Like the heroes in his books, Mull emerged from his journey a changed man with a new perspective.
“It was a true journey through pain that brought me closer to God. It also deepened my appreciation and awareness of my family,” Mull said. “I can say I’m happy to be alive. I’m happy to have my job. I feel like life is sometimes so brutally hard, and it’s also good.”
Continuing the ‘Hero’s journey’
After pausing for the COVID-19 pandemic, Mull has resumed visiting schools, particularly in Idaho, Arizona and Utah, to introduce his books, enlighten young imaginations and inspire a love of reading.

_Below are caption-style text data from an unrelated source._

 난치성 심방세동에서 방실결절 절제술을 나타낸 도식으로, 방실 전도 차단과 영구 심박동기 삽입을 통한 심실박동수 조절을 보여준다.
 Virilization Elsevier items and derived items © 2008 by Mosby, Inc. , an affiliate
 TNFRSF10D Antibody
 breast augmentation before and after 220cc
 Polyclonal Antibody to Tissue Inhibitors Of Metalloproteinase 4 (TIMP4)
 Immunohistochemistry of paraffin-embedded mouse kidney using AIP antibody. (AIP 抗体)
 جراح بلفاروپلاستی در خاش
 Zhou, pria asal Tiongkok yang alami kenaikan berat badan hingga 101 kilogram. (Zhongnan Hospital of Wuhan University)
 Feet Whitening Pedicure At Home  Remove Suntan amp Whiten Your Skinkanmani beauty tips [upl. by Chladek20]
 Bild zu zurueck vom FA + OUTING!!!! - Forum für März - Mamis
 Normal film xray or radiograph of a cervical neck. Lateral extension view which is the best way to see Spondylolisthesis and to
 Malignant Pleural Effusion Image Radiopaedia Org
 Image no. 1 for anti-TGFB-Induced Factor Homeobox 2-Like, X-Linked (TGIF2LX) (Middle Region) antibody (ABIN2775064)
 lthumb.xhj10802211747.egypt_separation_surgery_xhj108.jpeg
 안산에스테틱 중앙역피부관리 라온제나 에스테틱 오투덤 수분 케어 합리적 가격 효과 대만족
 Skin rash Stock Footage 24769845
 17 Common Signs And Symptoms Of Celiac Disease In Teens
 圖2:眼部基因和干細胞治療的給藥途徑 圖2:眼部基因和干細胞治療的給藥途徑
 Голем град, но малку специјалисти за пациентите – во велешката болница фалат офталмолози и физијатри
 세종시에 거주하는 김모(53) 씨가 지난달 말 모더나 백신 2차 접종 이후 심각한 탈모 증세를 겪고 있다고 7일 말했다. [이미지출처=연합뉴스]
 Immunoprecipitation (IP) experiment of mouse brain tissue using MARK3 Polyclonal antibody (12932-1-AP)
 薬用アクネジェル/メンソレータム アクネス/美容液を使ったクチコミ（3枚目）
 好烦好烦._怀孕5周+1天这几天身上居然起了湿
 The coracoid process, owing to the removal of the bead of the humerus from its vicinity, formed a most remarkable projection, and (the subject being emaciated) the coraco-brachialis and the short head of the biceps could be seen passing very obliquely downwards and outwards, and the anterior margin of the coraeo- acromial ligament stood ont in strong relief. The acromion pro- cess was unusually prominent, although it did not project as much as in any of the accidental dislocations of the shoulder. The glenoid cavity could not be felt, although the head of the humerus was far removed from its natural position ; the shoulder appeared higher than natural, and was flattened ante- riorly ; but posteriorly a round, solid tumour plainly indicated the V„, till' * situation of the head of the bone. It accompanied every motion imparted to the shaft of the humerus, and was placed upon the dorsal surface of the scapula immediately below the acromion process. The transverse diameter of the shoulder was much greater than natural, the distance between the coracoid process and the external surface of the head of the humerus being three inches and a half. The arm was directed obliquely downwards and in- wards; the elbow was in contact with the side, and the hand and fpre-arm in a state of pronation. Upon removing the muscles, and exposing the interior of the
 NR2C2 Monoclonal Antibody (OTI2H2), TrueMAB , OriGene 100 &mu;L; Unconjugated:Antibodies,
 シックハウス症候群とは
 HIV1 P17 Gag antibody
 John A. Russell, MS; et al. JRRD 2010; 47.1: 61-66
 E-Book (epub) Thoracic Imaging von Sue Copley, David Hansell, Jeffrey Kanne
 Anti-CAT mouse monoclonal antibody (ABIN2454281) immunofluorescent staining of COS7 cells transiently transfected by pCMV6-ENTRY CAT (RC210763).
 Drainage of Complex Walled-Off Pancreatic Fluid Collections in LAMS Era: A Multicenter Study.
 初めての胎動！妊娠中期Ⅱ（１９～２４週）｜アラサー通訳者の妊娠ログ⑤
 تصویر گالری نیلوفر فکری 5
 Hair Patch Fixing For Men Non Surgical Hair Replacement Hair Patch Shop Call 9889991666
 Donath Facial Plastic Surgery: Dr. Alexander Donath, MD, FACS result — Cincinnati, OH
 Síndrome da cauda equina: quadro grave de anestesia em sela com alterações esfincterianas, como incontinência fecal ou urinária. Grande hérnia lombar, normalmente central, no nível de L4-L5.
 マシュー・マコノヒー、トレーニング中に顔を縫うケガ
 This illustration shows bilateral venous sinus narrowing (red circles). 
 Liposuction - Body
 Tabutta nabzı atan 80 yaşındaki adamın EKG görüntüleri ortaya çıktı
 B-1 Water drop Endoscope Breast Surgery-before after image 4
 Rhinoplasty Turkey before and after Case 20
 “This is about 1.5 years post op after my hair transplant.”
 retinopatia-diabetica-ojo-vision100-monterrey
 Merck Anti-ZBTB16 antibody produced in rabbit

Kids coming through the book signing line will often tell Mull that his books got them or their whole family reading together.
“Those are my two grand slams,” Mull said.
Lately his presentations have included a new message. Mull has talked about his divorce and wants students to know that although life can sometimes be full of trials, there is always a reason to keep going.
“I think we all live hero’s journeys, that’s what life is,” he said. “We leave comfortable circumstances and go on these journeys where we learn and grow, where we are challenged. Sometimes we rise to meet it and sometimes we crumble or really wipe out. We learn and we return from it changed. Sometimes those are the most interesting stories — if someone can then pick themselves up and try again.”
Mull continued: “In my life I’ve tasted lots of aspects of challenging journeys and I expect we have more coming. Our country is facing uniquely hard times, things we’ve never faced before. ... Heroes will be needed.”